The southern portion of the San Andreas fault, between Cajon Creek and
Bombay Beach has not seen a major event since 1690, and has therefore
accumulated a slip deficit of 5-6 m. The potential for this portion of
the fault to rupture in a single M7.7 event is a major component of
seismic hazard in southern California and northern Mexico. TeraShake is
a large-scale finite-difference (fourth-order) simulation of such an
event based on Olsen's Anelastic Wave Propagation Model (AWM) code, and
conducted in the context of the Southern California Earthquake Center
Community Modeling Environment (CME). The fault geometry is taken from
the 2002 USGS National Hazard Maps. The kinematic slip function is
transported and scaled from published inversions for the 2002 Denali
(M7.9) earthquake. The three-dimensional crustal structure is the SCEC
Community Velocity model. The 600km x 300km x 80km simulation domain
extends from the Ventura Basin and Tehachapi region to the north and to
Mexicali and Tijuana to the south. It includes all major population
centers in southern California, and is modeled at 200m resolution using
a rectangular, 1.8 giganode, 3000 x 1500 x 400 mesh. The simulated
duration is 200 seconds, with a temporal resolution of 0.01seconds,
maximum frequency of 0.5Hz, for a total of 20,000 time steps. The
simulation is planned to run at the San Diego Supercomputer Center
(SDSC) on 240 processors of the IBM Power4, DataStar machine. Validation
runs conducted at one sixteenth (4D) resolution have shown that this is
the optimal configuration in the trade-off between computational and I/O
demands. The full run will consume about 18,000 CPU.hours. Each time
step produces a 21.6GByte mesh snapshot of the entire ground motion
velocity vectors. A 4D wavefield containing 2,000 time steps, amounting
to 43 Tbytes of data, will be stored at SDSC. Surface data will be
archived for every time step for synthetic seismogram engineering
analysis, totaling 1 Tbyte. The data will be registered with the SCEC
Digital Library supported by the SDSC Storage Resource Broker (SRB).

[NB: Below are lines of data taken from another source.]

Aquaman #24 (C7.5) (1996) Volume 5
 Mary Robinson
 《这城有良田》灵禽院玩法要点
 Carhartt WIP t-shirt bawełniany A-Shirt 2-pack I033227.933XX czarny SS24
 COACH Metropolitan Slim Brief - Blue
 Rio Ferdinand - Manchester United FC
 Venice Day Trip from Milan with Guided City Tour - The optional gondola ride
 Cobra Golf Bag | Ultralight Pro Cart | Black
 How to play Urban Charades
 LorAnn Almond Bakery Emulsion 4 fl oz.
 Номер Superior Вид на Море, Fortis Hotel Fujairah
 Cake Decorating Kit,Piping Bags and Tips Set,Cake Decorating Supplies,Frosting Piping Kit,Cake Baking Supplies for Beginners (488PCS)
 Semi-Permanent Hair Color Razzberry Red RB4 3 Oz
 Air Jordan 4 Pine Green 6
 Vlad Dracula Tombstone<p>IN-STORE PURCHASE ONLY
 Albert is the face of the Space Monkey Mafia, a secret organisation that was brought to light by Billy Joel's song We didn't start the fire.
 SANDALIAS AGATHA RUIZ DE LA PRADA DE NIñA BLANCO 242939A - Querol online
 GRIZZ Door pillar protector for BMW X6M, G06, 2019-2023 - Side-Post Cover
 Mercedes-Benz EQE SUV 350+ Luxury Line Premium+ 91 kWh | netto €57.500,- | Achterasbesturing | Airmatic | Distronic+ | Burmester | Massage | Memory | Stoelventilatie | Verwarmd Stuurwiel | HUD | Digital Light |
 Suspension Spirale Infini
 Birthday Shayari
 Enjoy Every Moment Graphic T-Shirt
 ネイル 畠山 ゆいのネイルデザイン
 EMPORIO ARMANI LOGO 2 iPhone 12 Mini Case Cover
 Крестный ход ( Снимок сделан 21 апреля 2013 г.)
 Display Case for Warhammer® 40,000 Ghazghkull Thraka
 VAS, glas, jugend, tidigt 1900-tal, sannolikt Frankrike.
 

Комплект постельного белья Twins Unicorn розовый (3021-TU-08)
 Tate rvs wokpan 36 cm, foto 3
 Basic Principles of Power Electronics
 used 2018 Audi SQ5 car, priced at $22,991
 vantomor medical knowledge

Data collections will be annotated with simulation metadata, which will
allow data discovery operations on metadata-based queries. The binary
output will be described using HDF5 headers. Each file will be
fingerprinted with MD5 checksums to preserve and validate data
integrity. Data access, management and data product derivation will be
provided through a set of SRB APIs, including java, C, web service and
data grid workflow interfaces. High resolution visualizations of the
wave propagation phenomena will be produced under diverse camera views.
The surface data will be analyzed online by remote web clients plotting
synthetic seismograms. Data mining operations, spectral analysis and
data subsetting are planned as future work. The TeraShake simulation
project has provided some insights about the cyberinfrastructure needed
to advance computational geoscience, which we will discuss.